Eccolo qui, ordunque, il misunderstanding: pretendere che la formula ora vincente sul mercato sia comunque quella giusta. Invece no, ché il mercato del Lugana è in realtà piccola cosa, piccolissima. Tutto il bianco luganista, mess’insieme, è grosso modo una goccia nell’oceano, tant’è piccola la quantità. E dunque non fa e non può far testo. Ma proprio perché la quantità è piccola, meglio sarebbe orientarla tutta quanta alla qualità del grande bianco.
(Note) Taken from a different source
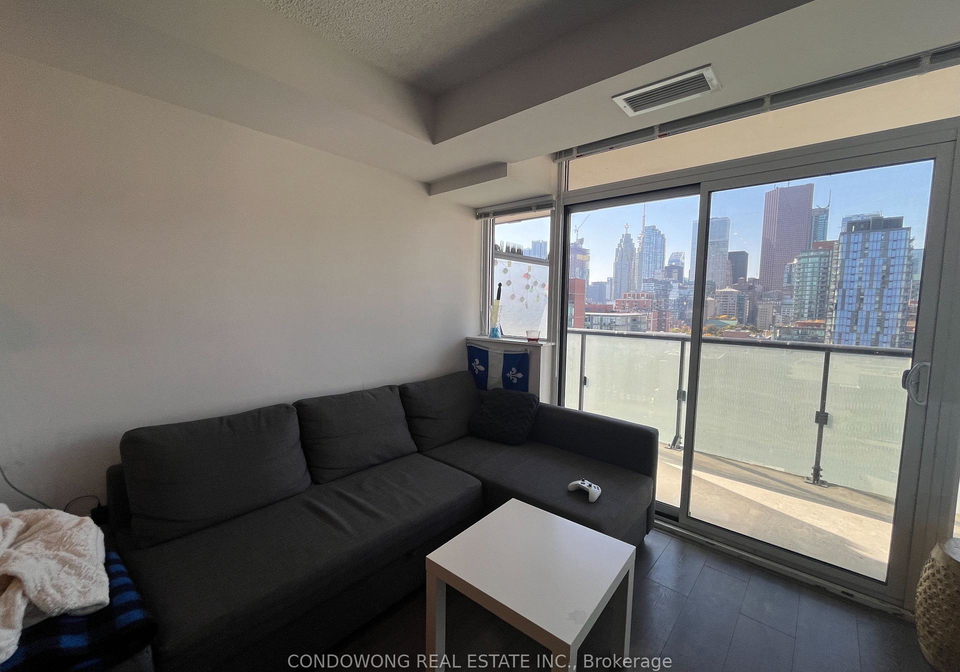 400-adelaide-street-e-toronto-toronto-ontario-c13590208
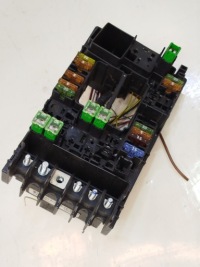 фото thumb №1, Коробка предохранителей vw golf vii 5q0937125a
Eppoi anche sul successo commerciale rischia d’esserci un misunderstading. E viene fuori, ahimè, leggendo un comunicato consortile – o qualche cosa del genere – che ho visto qualche settimana fa sul web, sul GardaNotizie.it dell’amico Luigi Del Pozzo. Vi si diceva che «Quest’anno, per la prima volta in tutte le cantine produttrici di Lugana si registra il tutto esaurito». Bella notizia, da cantar vittoria? No, purtroppo: è boomerang. Ché, diciamocelo chiaro, il 2005 è stato quantitativamente un’annata di magra, e magra tanto, per il Lugana. Troppe piogge, e a uva matura anche una doppia grandinata che ha ridotto all’osso la produzione. Vendemmia povera: c’è chi ha fatto il trenta per cento circa della produzione media dell’altre annate. Dunque di Lugana dell’annata ce n’era ben pochetto da tirar fuori di cantina. E se il Lugana da vendere stavolta era pochino, è inquietante sbandierare che è la prima volta che si fa il sold out: verrebbe da pensare che allora nelle annate normali le bottiglie restano lì. In realtà, so che non è così, e che il Lugana comunque si piazza, ma senza marce trionfali: ci vuol fatica, e tanta. Allora, dico io, fatica per fatica, fatevi animo, uomini e donne di terra luganista, e marciate impettiti nell’altra direzione, ché quella dell’esaltazione del terroir, dell’affermazione del trebbiano vostro e dell’argille che l’accolgono e degli umidori invernali del lago e delle calure estive e delle brezze e della storia del luogo. Fate il grande Lugana, e so che ne siete capaci. Uscite dal fraintendimento, coraggio. Fate che la vendemmia 2006 – che è buona, parecchio – sia quella della svolta.